_DATA EXTRACT_:
★ ★ ★ ★ ★

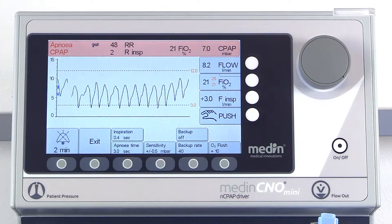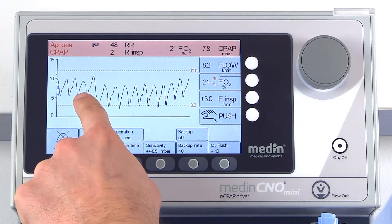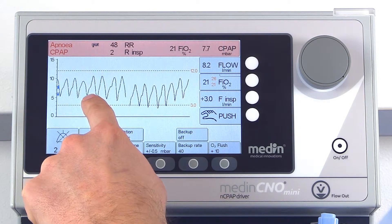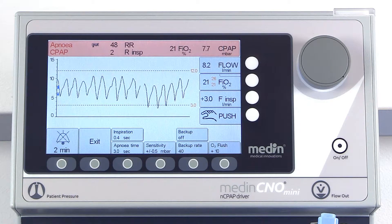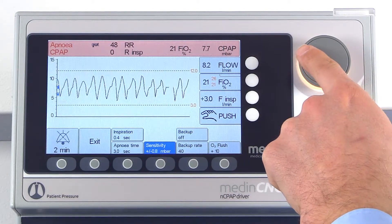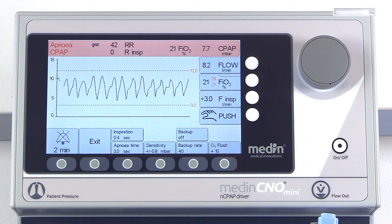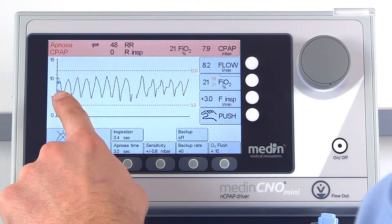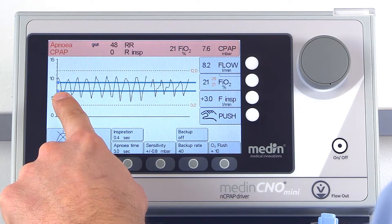The baby's inspiration and expiration generate the upper and lower pressure levels. The sensitivity of the pressure trigger can be adjusted manually, enabling you to react properly to the baby's spontaneous breathing activity. The pressure trigger is set correctly when the pressure fluctuations during spontaneous breathing go beyond the trigger thresholds, which are indicated by blue arrows.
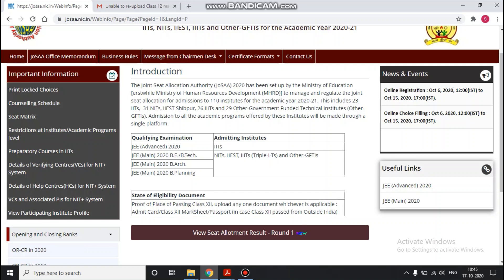Now, the state of eligibility upload option was available, but JOSA delayed this update by about one day. Because of this delay, many students uploaded the wrong document for state of eligibility, and now the re-upload option is disabled.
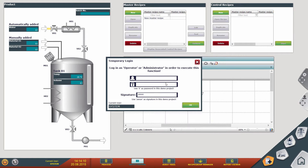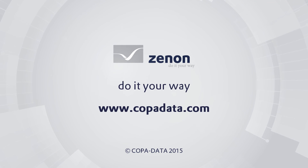XENON has integral controls to facilitate all functionality independently or as an integrated solution — with integral user administration local to XENON or through Active Directory or ADLDS, audit trail, alarms, recipe management, archiving, and reporting. All activities relating to a GMP-regulated environment can be accommodated. Once the process has been designed by simple configuration of the integral functions, the project becomes compliant to international GMP regulations such as FDA CFR 21 Part 11.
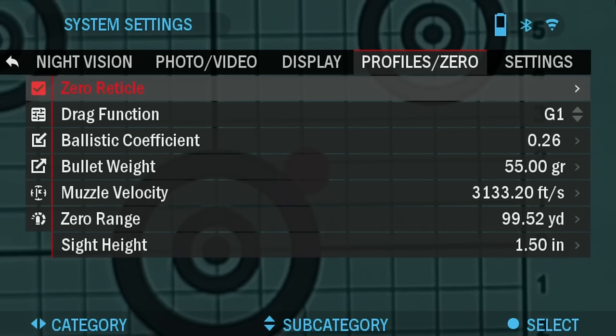That's your reticle zeroed. Thanks for watching and I'll see you in the next video.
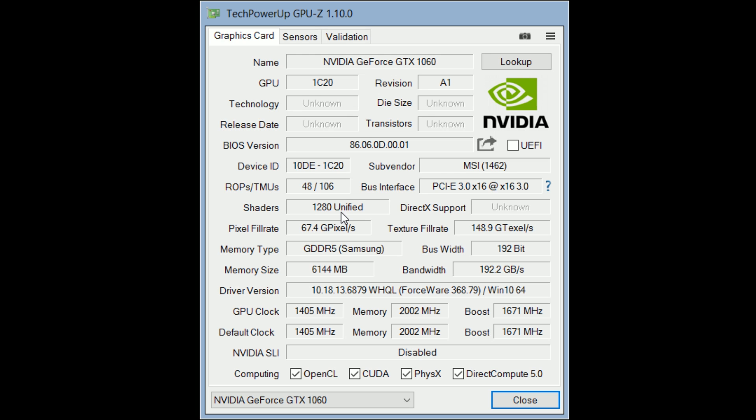With it having the same CUDA cores, same memory clock, and same memory interface, it seemed ripe for finally removing the stigma of mobile GPUs not quite being the same as a desktop. Have we finally arrived to true desktop-grade performance on a notebook? Let's find out.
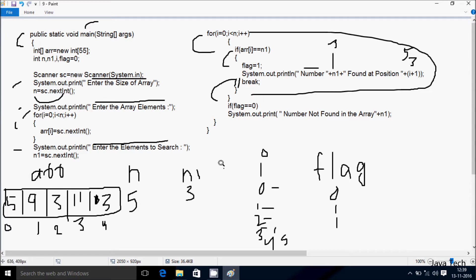Then i becomes 5, condition 5 less than 5 is false, so the loop exits. So the summary is: if you use the break statement, once the condition is true, the loop terminates and only the first occurrence is displayed. Without the break statement, the loop continues for all elements, so all matching positions are displayed.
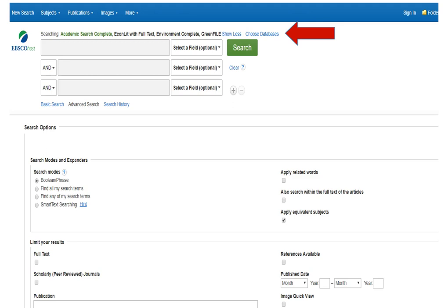Field choices also include ISN and ISBN numbers. We are given search options to modify and expand our search query, such as Boolean phrase searching, finding all search terms, finding any search terms, and smart text searching. We can also apply related words, search within full text of articles, and apply equivalent subjects. We have options to limit our results by full text, scholarly peer-reviewed journals, specific publications, available references, publication date, and image quick view.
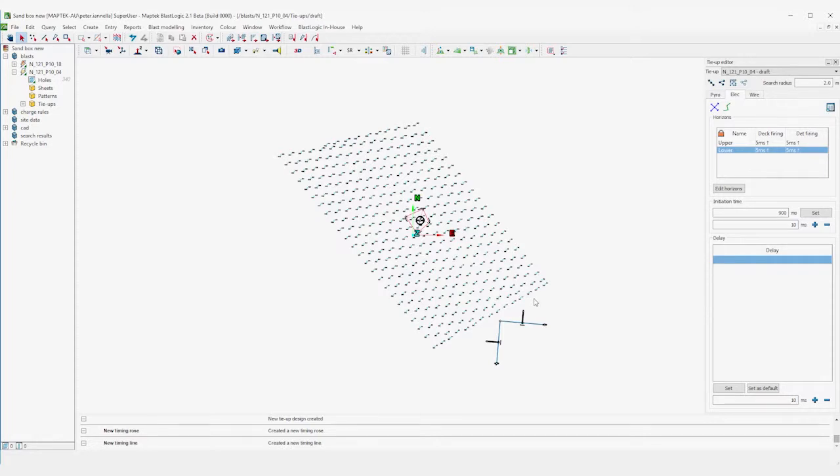So you can see that BlastLogic offers tools to create both pyrotechnic and electronic tie-ups, and gives the user visual feedback on the effectiveness of their design.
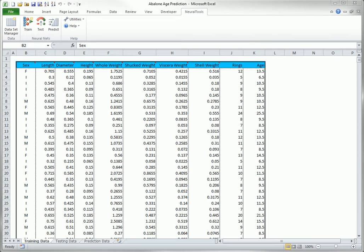Similarly, the independent variables can be categorical or numeric. NeuralTools allows all of these possibilities.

★ ★ ★ ★ ★

_PROBLEM DESCRIPTION_: Without carrying over any picture, write out the entries above once more, exactly.

_REPLY TO THE EXERCISE_:
The baby's inspiration and expiration generate the upper and lower pressure levels. The sensitivity of the pressure trigger can be adjusted manually, enabling you to react properly to the baby's spontaneous breathing activity. The pressure trigger is set correctly when the pressure fluctuations during spontaneous breathing go beyond the trigger thresholds, which are indicated by blue arrows.
Now, the state of eligibility upload option was available, but JOSA delayed this update by about one day. Because of this delay, many students uploaded the wrong document for state of eligibility, and now the re-upload option is disabled.
XENON has integral controls to facilitate all functionality independently or as an integrated solution — with integral user administration local to XENON or through Active Directory or ADLDS, audit trail, alarms, recipe management, archiving, and reporting. All activities relating to a GMP-regulated environment can be accommodated. Once the process has been designed by simple configuration of the integral functions, the project becomes compliant to international GMP regulations such as FDA CFR 21 Part 11.
That's your reticle zeroed. Thanks for watching and I'll see you in the next video.
With it having the same CUDA cores, same memory clock, and same memory interface, it seemed ripe for finally removing the stigma of mobile GPUs not quite being the same as a desktop. Have we finally arrived to true desktop-grade performance on a notebook? Let's find out.
Then i becomes 5, condition 5 less than 5 is false, so the loop exits. So the summary is: if you use the break statement, once the condition is true, the loop terminates and only the first occurrence is displayed. Without the break statement, the loop continues for all elements, so all matching positions are displayed.
Field choices also include ISN and ISBN numbers. We are given search options to modify and expand our search query, such as Boolean phrase searching, finding all search terms, finding any search terms, and smart text searching. We can also apply related words, search within full text of articles, and apply equivalent subjects. We have options to limit our results by full text, scholarly peer-reviewed journals, specific publications, available references, publication date, and image quick view.
So you can see that BlastLogic offers tools to create both pyrotechnic and electronic tie-ups, and gives the user visual feedback on the effectiveness of their design.
Similarly, the independent variables can be categorical or numeric. NeuralTools allows all of these possibilities.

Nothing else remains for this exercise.